▶ _PROBLEM DETAILS_
Leaving out all pictures, return the records word for word.

▶ _RECORDS FOR THE EXERCISE_

▬▬▬▬▬▬

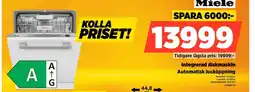 Power Miele Integrerad diskmaskin Automatisk lucköppning erbjuda
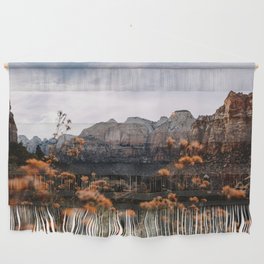 Zion Canyon through the Flora Wall Hanging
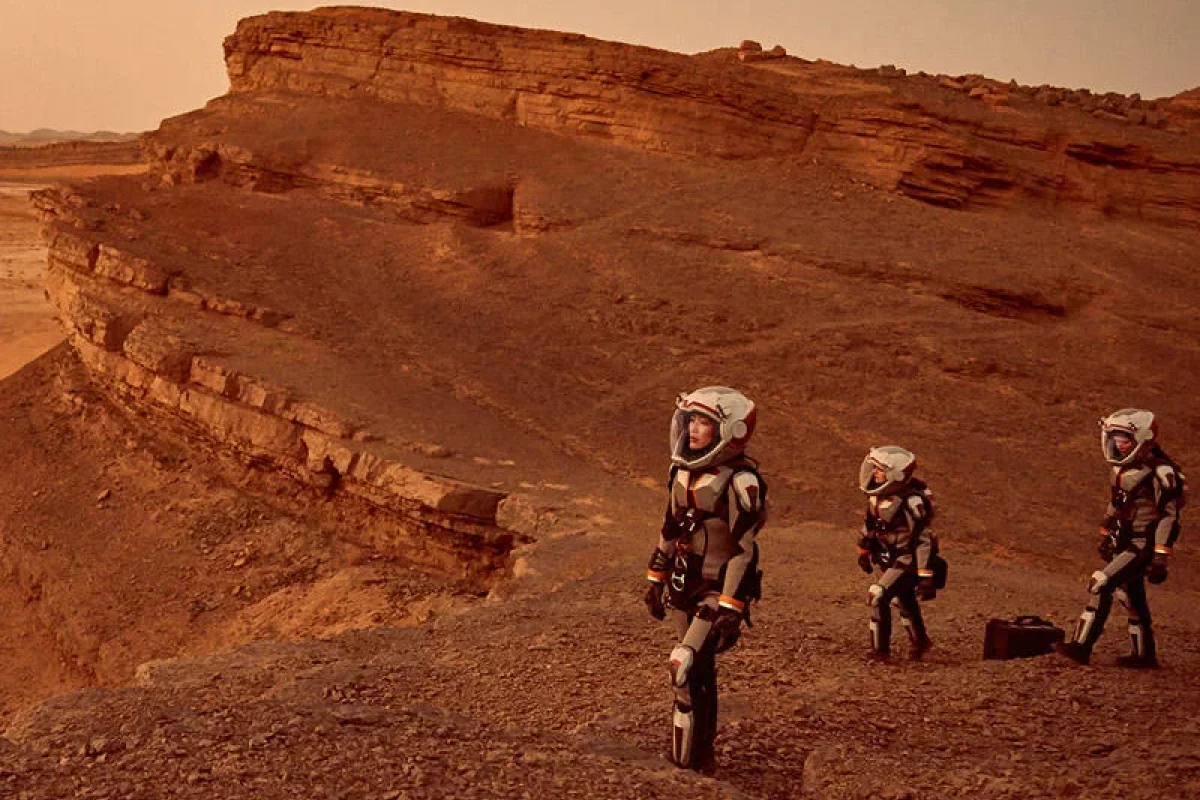 Marsda insan qanından evlər tikiləcək - FOTO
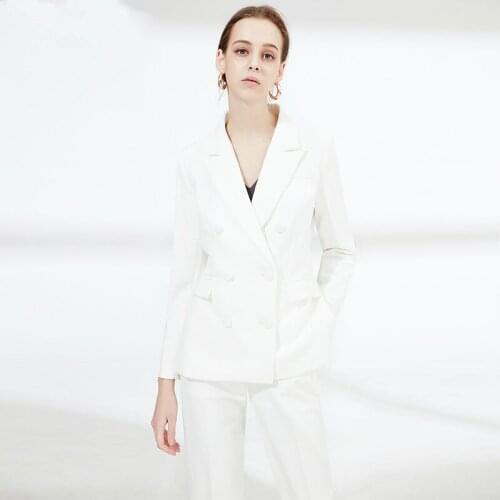 Double Breasted Women PantSuits Women Suits Plus Size Custom Made Ladies Pantsuit Blazer+Pants for Work Pantsuit Wedding Party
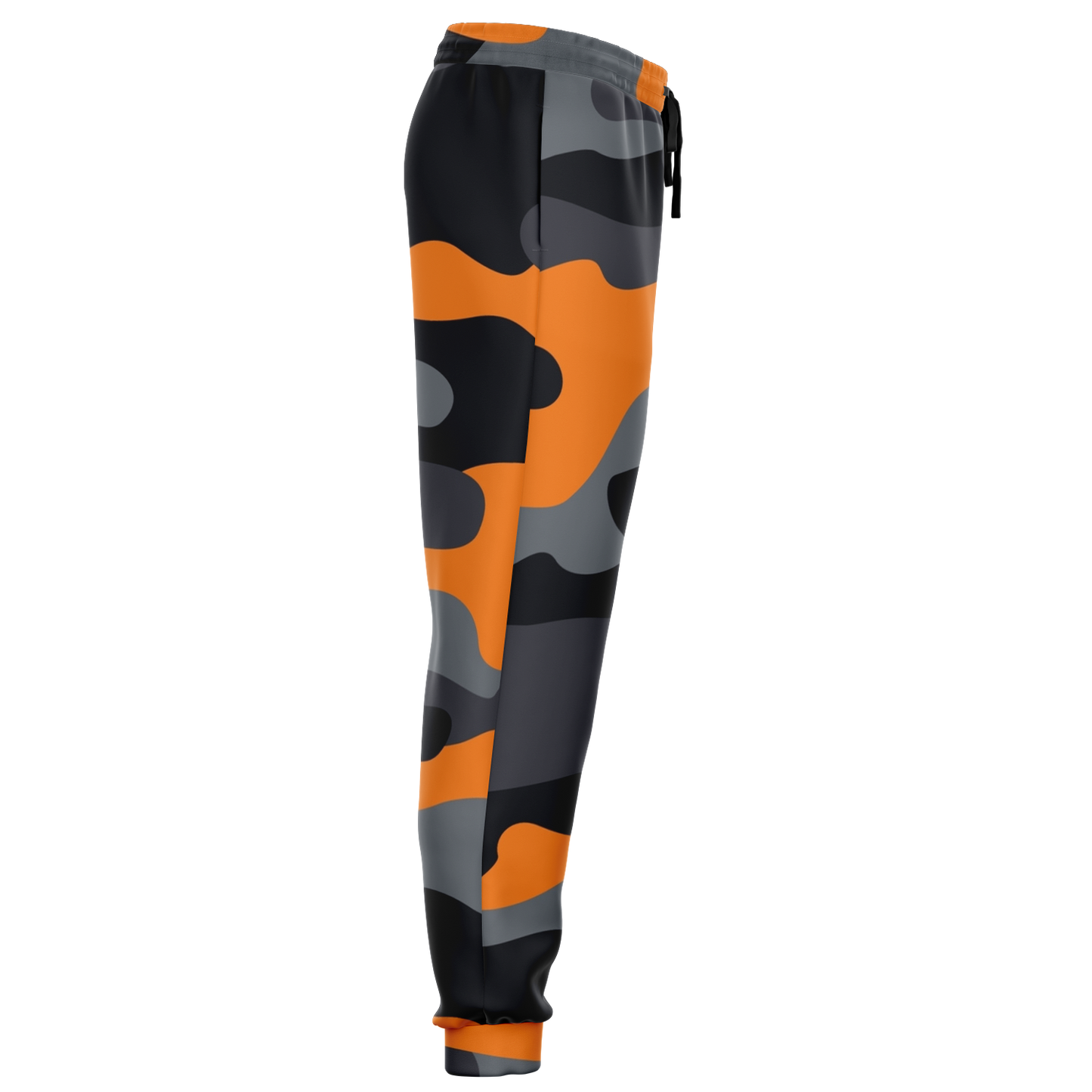 Camo Sweatpants | Unisex | Orange, Gray & Black Camouflage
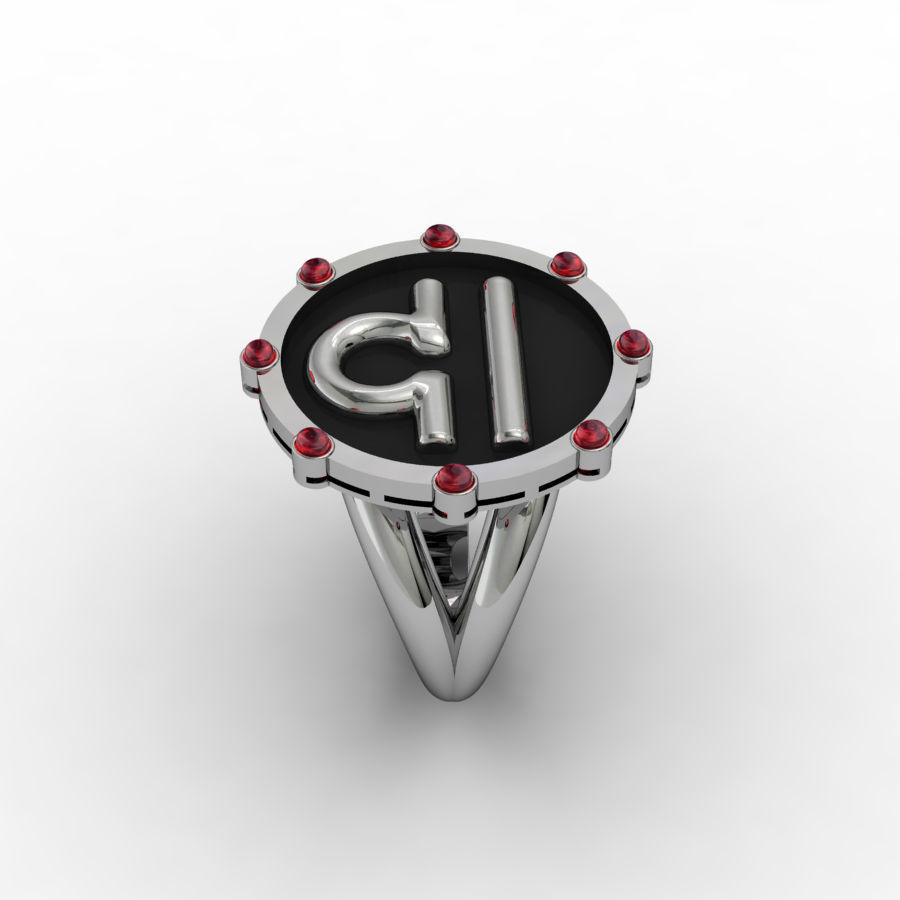 Libra ring 001 3D print model_7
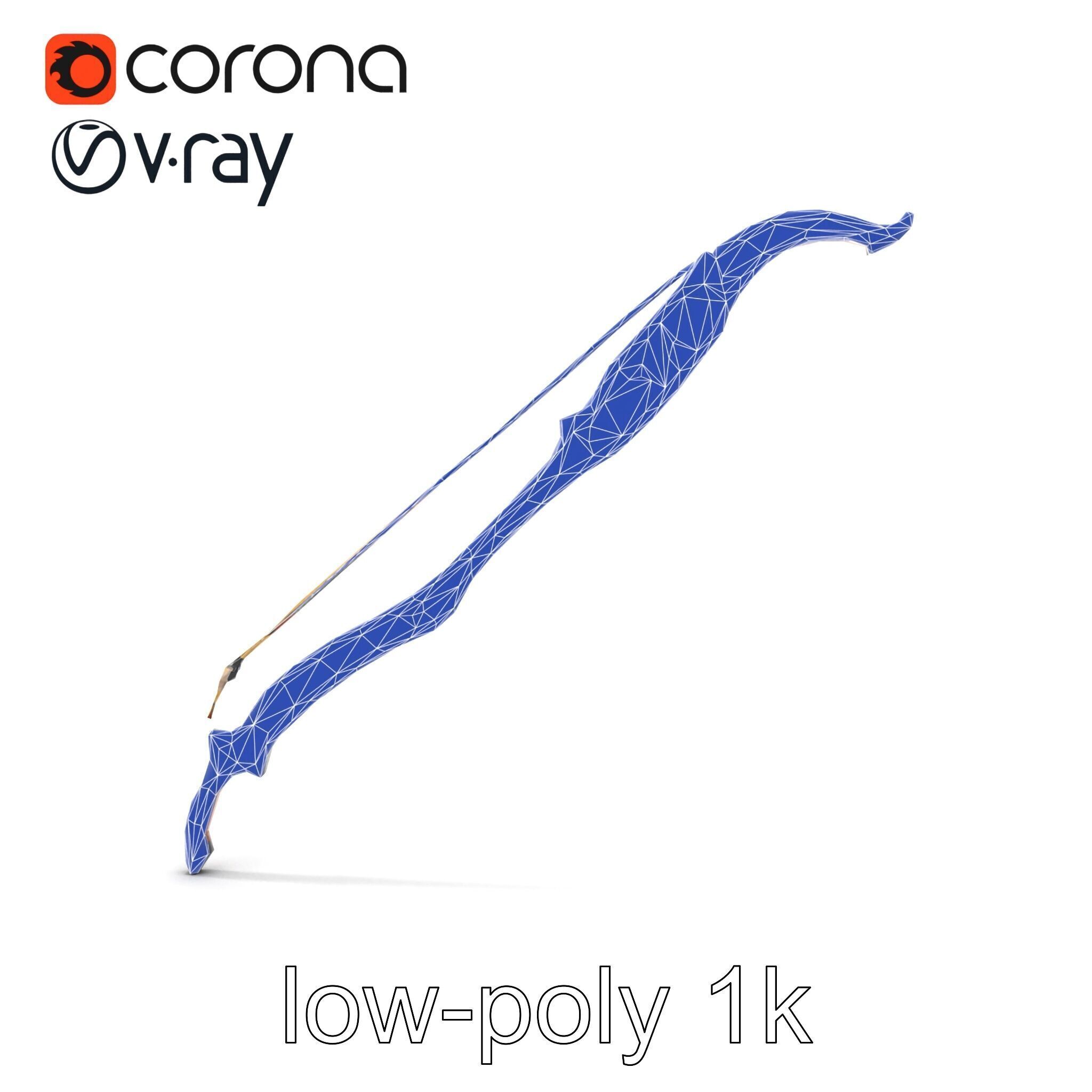 Mystical Arcane Bow with Illuminating Runes model pack Low-poly 3D model_31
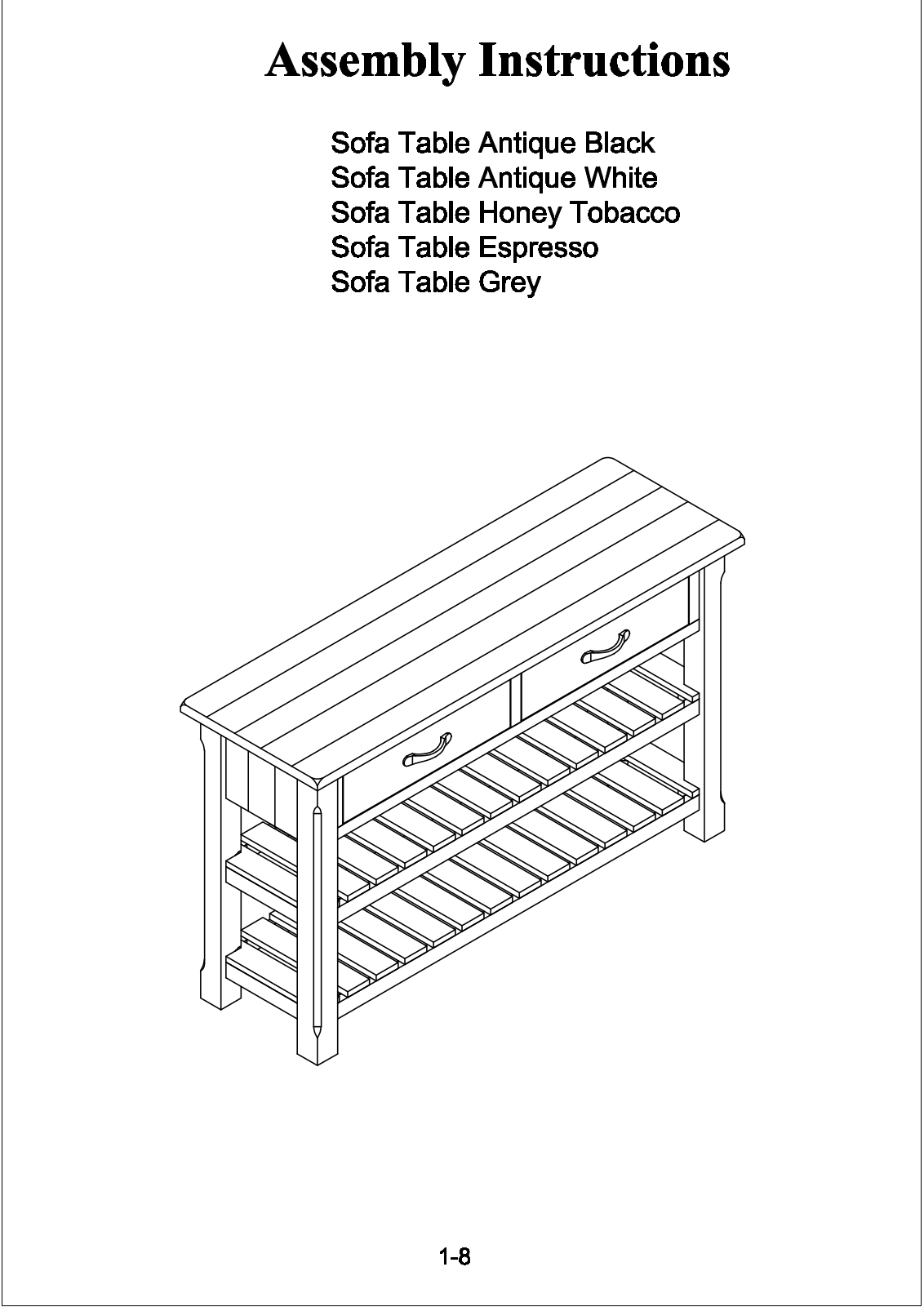 Red Barrel Studio W004994381 Assembly Instructions - ManualMachine.com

▬▬▬▬▬▬

▶ _REPLY_
 Power Miele Integrerad diskmaskin Automatisk lucköppning erbjuda
 Zion Canyon through the Flora Wall Hanging
 Marsda insan qanından evlər tikiləcək - FOTO
 Double Breasted Women PantSuits Women Suits Plus Size Custom Made Ladies Pantsuit Blazer+Pants for Work Pantsuit Wedding Party
 Camo Sweatpants | Unisex | Orange, Gray & Black Camouflage
 Libra ring 001 3D print model_7
 Mystical Arcane Bow with Illuminating Runes model pack Low-poly 3D model_31
 Red Barrel Studio W004994381 Assembly Instructions - ManualMachine.com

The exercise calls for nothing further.